O barco Madleen, interceptado em águas internacionais, nos serve de alerta: não há justiça climática sem justiça internacional
O que os ativistas tentaram fazer, entrando em Gaza, não foi apenas um gesto humanitário. Foi também um ato político profundo, que expõe as fragilidades e a urgência do sistema internacional de deliberação multilateral. O mesmo sistema que organiza os acordos climáticos, como o Acordo de Paris e a Conferência das Partes da ONU (COP), é o que está falhando em garantir um cessar-fogo em Gaza.
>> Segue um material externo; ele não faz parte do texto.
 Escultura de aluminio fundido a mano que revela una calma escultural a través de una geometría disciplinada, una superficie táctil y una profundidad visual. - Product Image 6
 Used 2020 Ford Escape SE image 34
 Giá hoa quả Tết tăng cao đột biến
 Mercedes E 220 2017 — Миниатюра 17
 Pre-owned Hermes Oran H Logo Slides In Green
A guerra em Gaza – ou melhor, o massacre do povo palestino – já foi alvo de diversas resoluções da Assembleia Geral da ONU. Em junho de 2025, uma resolução no Conselho de Segurança pelo cessar-fogo imediato e incondicional foi aprovada por 14 países, mas vetada pelos Estados Unidos, o único voto contrário.
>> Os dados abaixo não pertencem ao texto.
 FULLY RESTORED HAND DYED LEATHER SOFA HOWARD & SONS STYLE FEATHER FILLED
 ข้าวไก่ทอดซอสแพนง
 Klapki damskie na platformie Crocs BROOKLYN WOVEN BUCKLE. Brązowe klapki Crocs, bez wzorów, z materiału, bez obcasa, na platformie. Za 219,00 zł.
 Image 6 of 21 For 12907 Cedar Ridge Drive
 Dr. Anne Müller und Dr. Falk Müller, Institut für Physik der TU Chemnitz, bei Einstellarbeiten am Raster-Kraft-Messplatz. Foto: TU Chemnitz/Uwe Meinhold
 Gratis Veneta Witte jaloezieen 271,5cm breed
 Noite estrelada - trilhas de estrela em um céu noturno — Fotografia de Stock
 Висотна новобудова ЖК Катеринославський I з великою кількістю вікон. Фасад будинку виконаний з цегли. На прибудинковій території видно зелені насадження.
Essa é a mesma ONU, com a mesma estrutura institucional, que se reúne anualmente para negociar os termos do combate à crise climática. Se não somos capazes, enquanto comunidade internacional, de cessar uma guerra localizada que, segundo a Unicef, já matou ou feriu mais de 50 mil crianças, como esperamos alcançar consensos eficazes para enfrentar o colapso climático global?
A efetividade da COP30 está em jogo. O evento precisa ir além dos discursos e promessas: deve representar o renascimento da confiança nos acordos internacionais. E essa confiança depende diretamente da capacidade do sistema multilateral de proteger vidas e assegurar justiça – climática e humanitária.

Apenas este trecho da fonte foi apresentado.